UNITED STATES DISTRICT COURT EASTERN DISTRICT OF CALIFORNIA


March 7, 2011

ANTHONY HOWARD,
PLAINTIFF,
v.
MR. PETERS, ET AL., DEFENDANTS.

The opinion of the court was delivered by: Dennis L.Beck United States Magistrate Judge

ORDER REGARDING DISMISSAL OF CERTAIN DEFENDANTS

Plaintiff Anthony Howard ("Plaintiff") is a California state prisoner proceeding pro se and in forma pauperis in this civil rights action filed pursuant to 42 U.S.C. § 1983. Plaintiff filed his complaint on June 10, 2010, and names Physician's Assistant Peters, Chief Medical Officer Enenmoh, the California Department of Corrections ("CDCR") and the "Medical Staff-F Facility" as Defendants.*fn1

A. Screening Requirement

The Court is required to screen complaints brought by prisoners seeking relief against agovernmental entity or officer or employee of a governmental entity. 28 U.S.C. § 1915A(a). The Court must dismiss a complaint or portion thereof if the prisoner has raised claims that are legally "frivolous or malicious," that fail to state a claim upon which relief may be granted, or that seek monetary relief from a defendant who is immune from such relief. 28 U.S.C. § 1915A(b)(1),(2). "Notwithstanding any filing fee, or any portion thereof, that may have been paid, the court shall dismiss the case at any time if the court determines that . . . the action or appeal . . . fails to state a claim upon which relief may be granted." 28 U.S.C. § 1915(e)(2)(B)(ii).
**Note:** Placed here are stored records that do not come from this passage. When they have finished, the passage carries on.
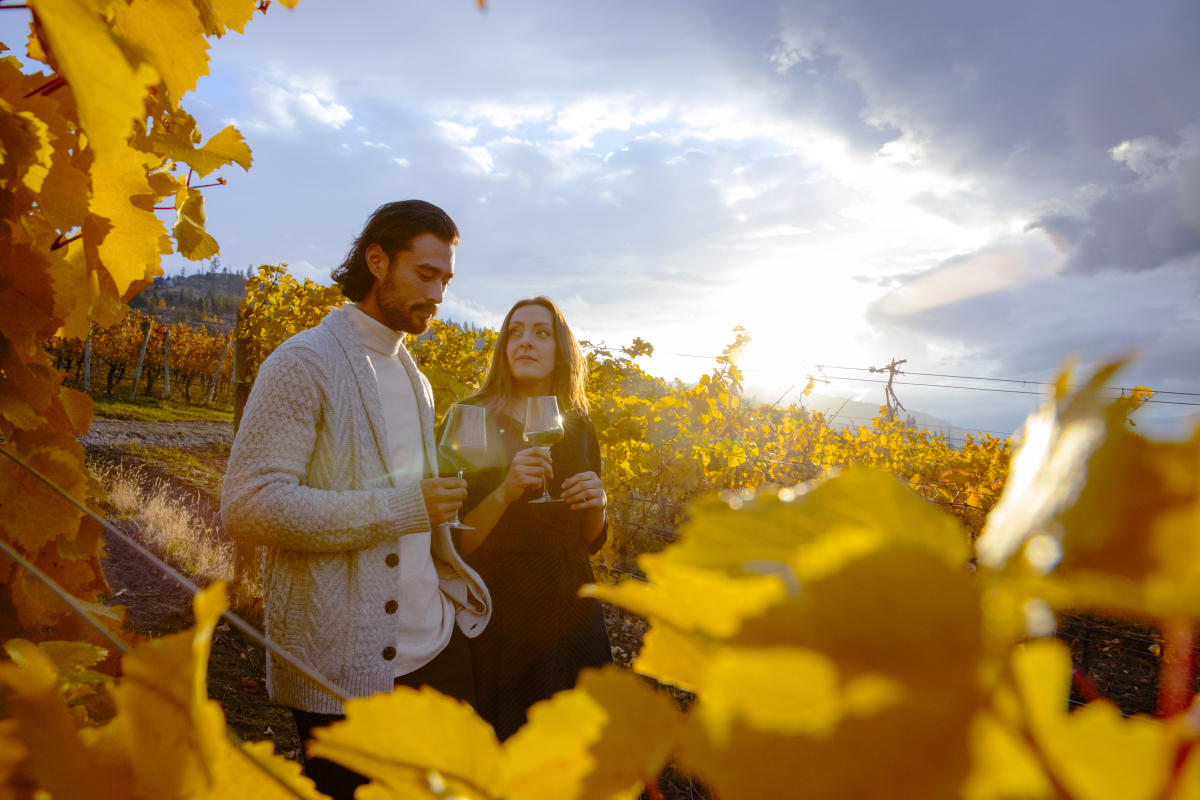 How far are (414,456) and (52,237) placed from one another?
1.59 meters

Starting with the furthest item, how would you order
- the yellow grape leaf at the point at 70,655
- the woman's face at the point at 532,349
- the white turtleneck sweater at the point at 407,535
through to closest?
the woman's face at the point at 532,349
the white turtleneck sweater at the point at 407,535
the yellow grape leaf at the point at 70,655

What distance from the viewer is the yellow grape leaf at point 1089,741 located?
135 millimetres

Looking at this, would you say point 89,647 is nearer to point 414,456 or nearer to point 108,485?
point 414,456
A complaint must contain "a short and plain statement of the claim showing that the pleader is entitled to relief . . . ." Fed. R. Civ. P. 8(a)(2). Detailed factual allegations are not required, but "[t]hreadbare recitals of the elements of a cause of action, supported by mere conclusory statements, do not suffice." Ashcroft v. Iqbal, 129 S. Ct. 1937, 1949 (2009) (citing Bell Atl. Corp. v. Twombly, 550 U.S. 544, 555 (2007)). Plaintiff must set forth "sufficient factual matter, accepted as true, to 'state a claim that is plausible on its face.'" Id. (quoting Twombly, 550 U.S. at 555). While factual allegations are accepted as true, legal conclusions are not. Id.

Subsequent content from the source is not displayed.